This thesis shows how a proof assitant implementation of a complex
program logic in for proving the correctness of C programs can be made
significantly faster without any negative impact on the proving
experience. This results in a logic that is significantly more
intuitive and usable, and is a vital step in making the program logic
a widely usable tool.
Many of the parts discussed so far are existing work: The proof
assistant we have chosen to use is Coq, Leroy's CompCert
\cite{Leroy-Compcert-CACM} is a C compiler implemented and proved
sound in Coq, and Appel et al. \cite{appel14:plcc} have created the
Verified Software Toolchain (VST) to give a proved-correct chain from
specification language to assembly including a specification logic and
a program logic to relate the specification to a CompCert C program.
\paragraph{Contributions}
This thesis discusses the modification of a program logic to improve
usability and speed up the application of the logic. Chapter
\ref{ch:typechecking} presents a type system that operates within the
logic. This typechecker automates many of the steps normally required
when using the logic, giving a minimal goal for the user to prove if
it can't proceed automatically. Chapter \ref{ch:canonical} discusses
how the logic can be made more efficient by organzing the statements
in the logic. This increased organization allows us to use more
efficient data structures, improving performance and simplifying the
statement of our logic rules. Finally, we completely replace the
automation responsible for applying our logic to a program with
\emph{reflective} automation. This type of automation is able to take
full advantage of Coq's fastest features, giving us a resulting proof
system that typically runs at least 40x faster than the previous ones
and works on all Verifiable-C non-call assignment statements
(\lstinline|x := e|), meaning it makes progress on a single basic
block at a time. The new system is fully compatible with previous
tactics, meaning that in places where it is not usable, existing
tactics can still make progress on the proof.

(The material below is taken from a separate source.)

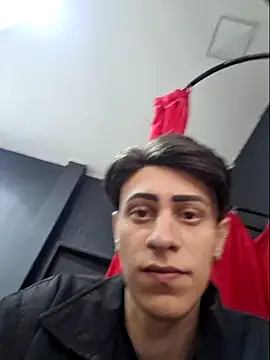 Leinad27 online show from February 7, 2:54 pm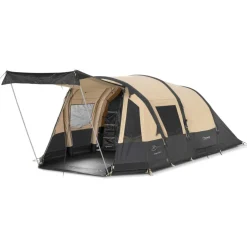 Bardani AirWave 230 TC opblaasbare tent beige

\chapter{Computation in Coq}
\label{ch:computation}
The Coq proof assistant has a built-in functional programming language
called Gallina with the ability to define and match inductive
data structures. The type boolean, for example can be defined:
\begin{lstlisting}
Inductive boolean :=
| true
| false.
\end{lstlisting}
So \lstinline|boolean| is a type that can be constructed by either
\lstinline|true| or \lstinline|false|; and when given a
\lstinline|boolean|, a function can decide which of the two it is. Now
we can look at the definition of \lstinline|True| and
\lstinline|False|, which are in the type
\lstinline|Prop| instead of \lstinline|boolean|. Prop is not an
inductively defined type in Coq, so it can't be matched
against. Instead the definitions of \lstinline|True| and \lstinline|False|
are
\begin{lstlisting}
Inductive True : Prop := I : True.
\end{lstlisting}
\begin{lstlisting}
Inductive False : Prop.
\end{lstlisting}
\noindent along with an infinity of other propositions, such as
$\forall x:Z, x>5$. Even though (one might think) this is False, it is not
the same proposition.
\noindent
Gallina programs cannot pattern-match over propositions; they can
compute only over inductive data structures, and Prop is not
inductive. That doesn't mean that it is impossible to reason about
things of type \lstinline|Prop| in Coq. Instead of using Gallina to
operate on \lstinline|Prop|, Coq has tactics, which exist almost
exclusively for that reason. The \emph{tactic language} can parse
(pattern-match on) propositions. A tactic in Coq is a program that
manipulates a proof state while generating a proof object recording
its activity. A Coq proof state is a goal (e.g., \lstinline|Prop| prop
to be proved), along with a number of quantified variables of any
type, and a number of hypothesis of type \lstinline|Prop|.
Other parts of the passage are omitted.